Б.Я. Выгодное положение!
И.Б. Для меня всегда было так. Я просто хотел, чтобы не лезли в мою жизнь, и в течение пятнадцати лет мне это удавалось. А сейчас все это под угрозой. Весь мир — нет, конечно не весь мир, — но множество людей пытаются влезть в мою жизнь, надо много сил, чтобы этого не допустить. Но вы спрашивали о книгах. Мое отношение к тому, что я делаю, к тому, что будет со мной как писателем… думаю, писателю ничего не грозит. Я так и буду записывать на бумаге какие-то свои мысли. Я тут даже сказал себе, что не собираюсь работать больше, чем раньше. (Смеется.) Я ведь понимаю: все сейчас от меня чего-то ждут. Но, право слово, я не хочу подстраиваться под чьи-то представления о себе, я должен быть тем, что я есть.

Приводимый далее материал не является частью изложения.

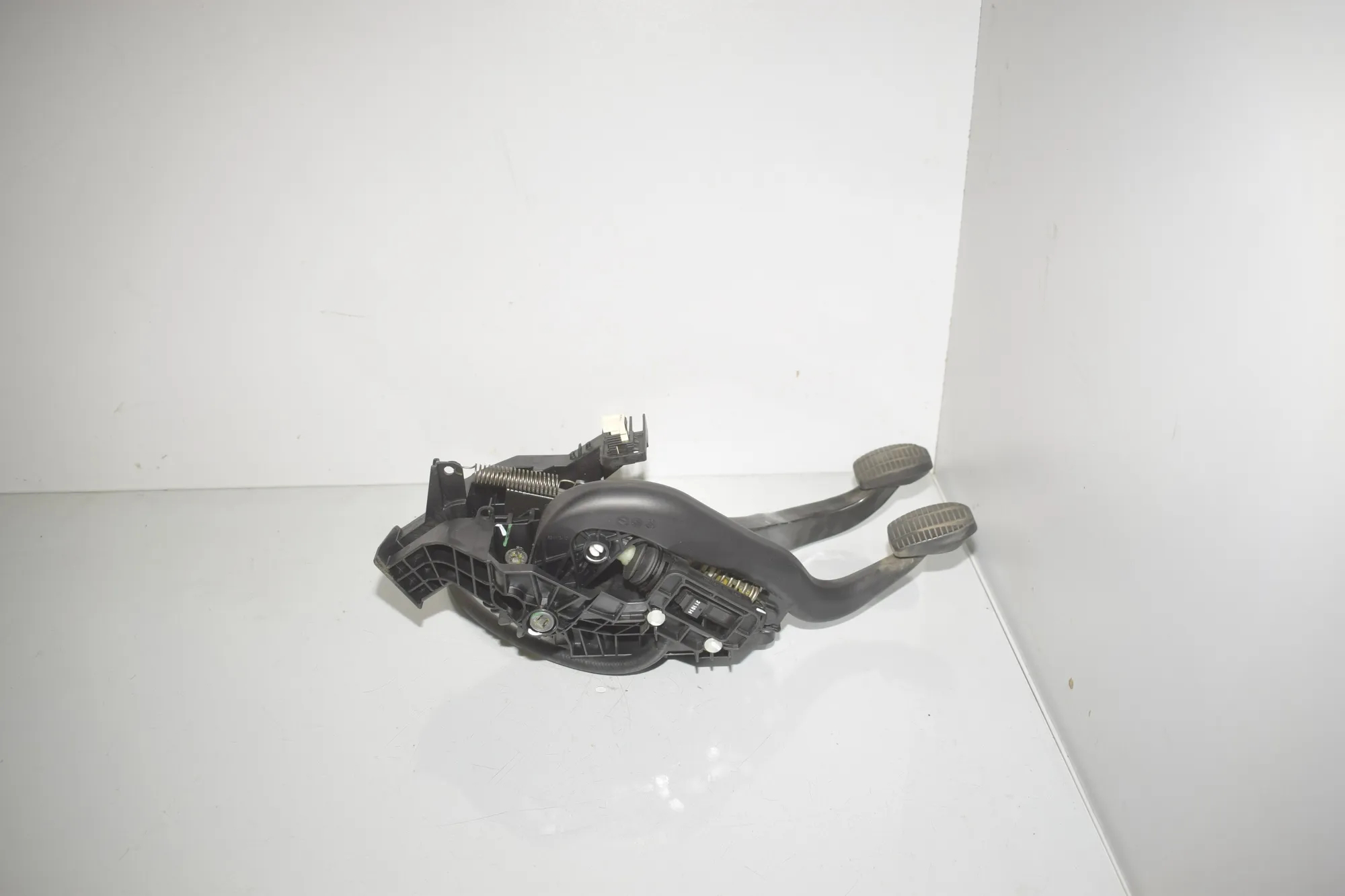Brake Pedal – OEM 6856595 · BMW 2 Active Tourer (F45) 216 d 2014 – 3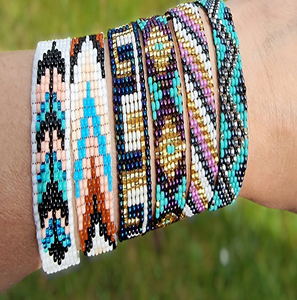 Bracelets tissés à la main avec des perles de rocaille, ornés de motifs bohèmes colorés, disponibles à prix de gros. - Product Image 1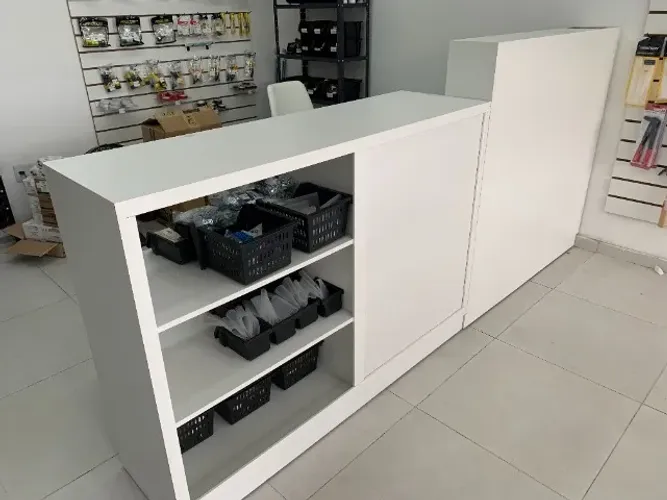 Oportunidade! R$1,900,00 Balcão c/ nichos e Caixa c/nichos e gaveta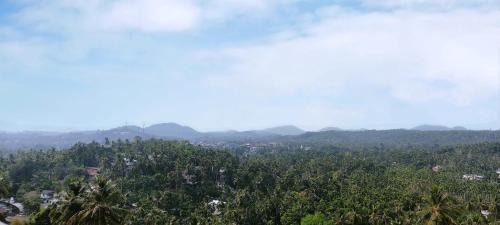 Kedavur House | Mountain View Villa: Guest Rated 10/10 & Pet Friendly Stay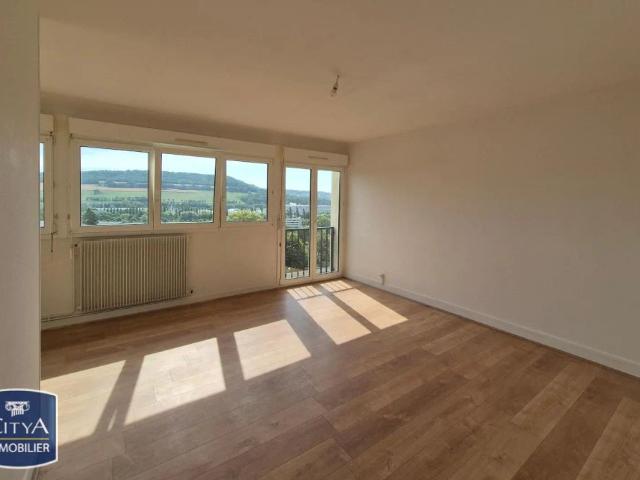 Appartement à louer 4 pièces 69.34m²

Б.Я. Быть в стороне. Вы должны быть в стороне, иначе…
И.Б. Ну да, иначе станешь общественным достоянием, а у меня нет ни малейшего намерения становиться чем бы то ни было.

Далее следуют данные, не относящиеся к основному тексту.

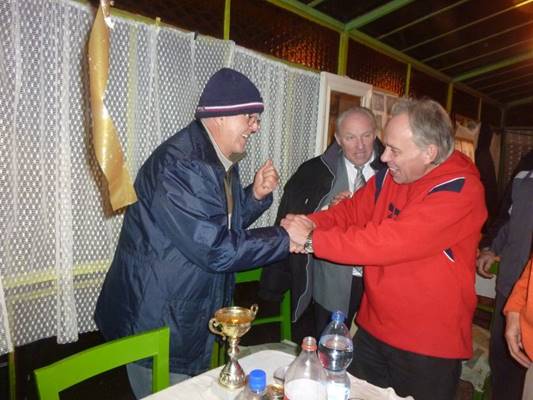 A k�pen szem�ly l�that�

Automatikusan gener�lt le�r�s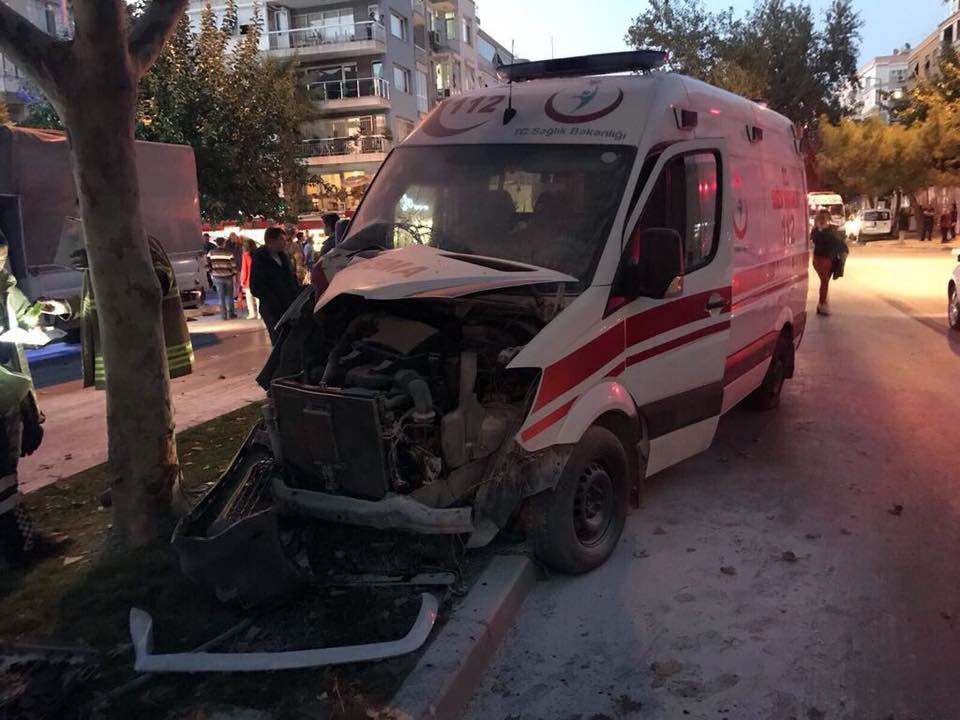AMBULANS KAZA GEÇİRDİ: 3 SAĞLIK PERSONELİ YARALI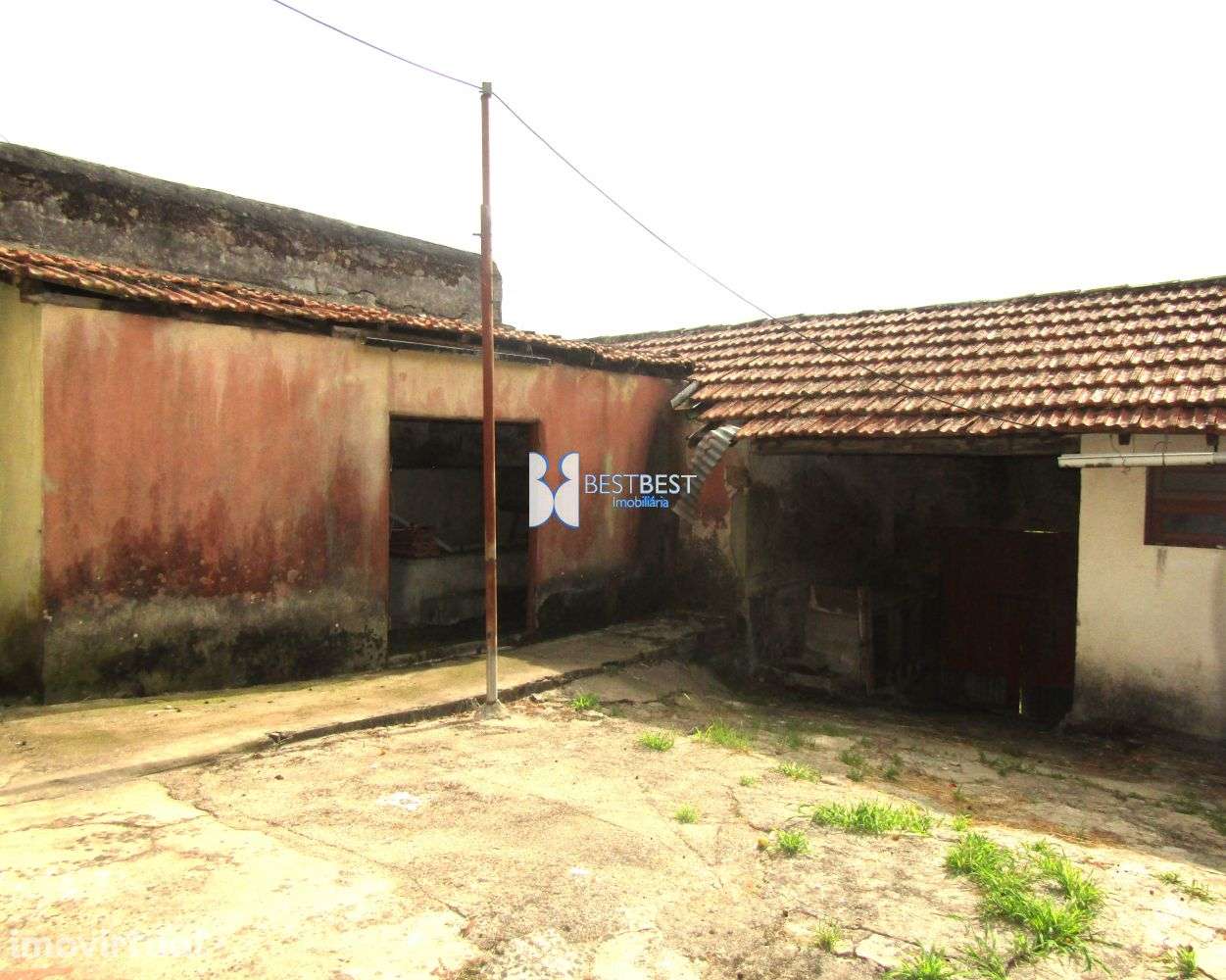 DUAS MORADIAS PARA RESTAURO,MAIS  TERRENO ( 3 ART.MATRICIAIS ),JUNTO C - Grande imagem: 3/47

Б.Я. Если взглянуть на вручение вам Нобелевской премии не только как на признание ваших поэтических достижений, но признание всей русской культуры, как бы вы это сформулировали?
И.Б. Очень просто: это признание моего поколения в русской литературе, в русской поэзии. Не только моего поколения, а определенной группы поэтов, где я лишь один из многих. Все, что я пытаюсь сказать: моя команда победила.

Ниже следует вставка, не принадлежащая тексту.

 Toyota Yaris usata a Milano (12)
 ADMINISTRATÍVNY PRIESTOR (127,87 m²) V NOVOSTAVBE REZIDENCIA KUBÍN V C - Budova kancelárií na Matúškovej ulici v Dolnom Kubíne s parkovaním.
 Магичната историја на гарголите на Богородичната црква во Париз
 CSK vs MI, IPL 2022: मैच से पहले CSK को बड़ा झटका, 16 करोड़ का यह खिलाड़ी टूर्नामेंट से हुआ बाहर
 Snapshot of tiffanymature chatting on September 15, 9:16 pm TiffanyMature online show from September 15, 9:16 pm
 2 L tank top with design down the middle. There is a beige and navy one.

Б.Я. То есть ваша и победа других — скажем, Ахматовой, которая была одним из ваших учителей и очень много для вас значила…
И.Б. Если формулировать так, то вместе со мной победили, как минимум, пять поэтов, живших в этом веке: Мандельштам, Ахматова, Цветаева, Уистан Оден и Роберт Фрост. Без них я бы не состоялся как писатель, как поэт. Просто меня бы было намного меньше. Они — мои учителя. «Учителя» — неточное слово: они ведь дали мне жизнь как поэту. Это тени, которые всегда со мной… Бенгт, я ведь сейчас цитирую речь, которую пишу. (Смеется.)
Б.Я. Думаете ли вы, что когда-нибудь у вас выйдет сборник в Советском Союзе?
И.Б. Так или иначе меня опубликуют в России. Опубликована подборка в «Новом мире», так что количество моих стихов, напечатанных в России, приближается к десятку. Доведется мне увидеть сборник своими глазами или нет, не важно. А то, что он выйдет, — это совершенно неизбежно, как смерть. Честно говоря, мне это не очень интересно. Что мне интересно — это быть в состоянии писать… У меня сейчас в голове крутится шесть или семь стихотворений. И меня раздражает, что я не могу за них сесть. Что до судьбы моих книг: опубликуют их завтра — хорошо, опубликуют их через десять лет — ну и ладно. Не так уж важно, когда это произойдет. Право, меня это не так уж волнует. Не хотелось, чтобы эти слова расхолаживали тех, кто занят этим в Советском Союзе, но на самом деле все это не очень меня заботит. Рано или поздно это случится. В каком-то смысле грустно, что это не произошло раньше, ибо в определенном смысле можно влиять только на современников, что-то изменить в людях. Влиять на грядущие поколения неинтересно.
Б.Я. Ну, Мандельштам на вас повлиял…
И.Б. Ну, да… (Смеется.) Ладно, беру свои слова обратно.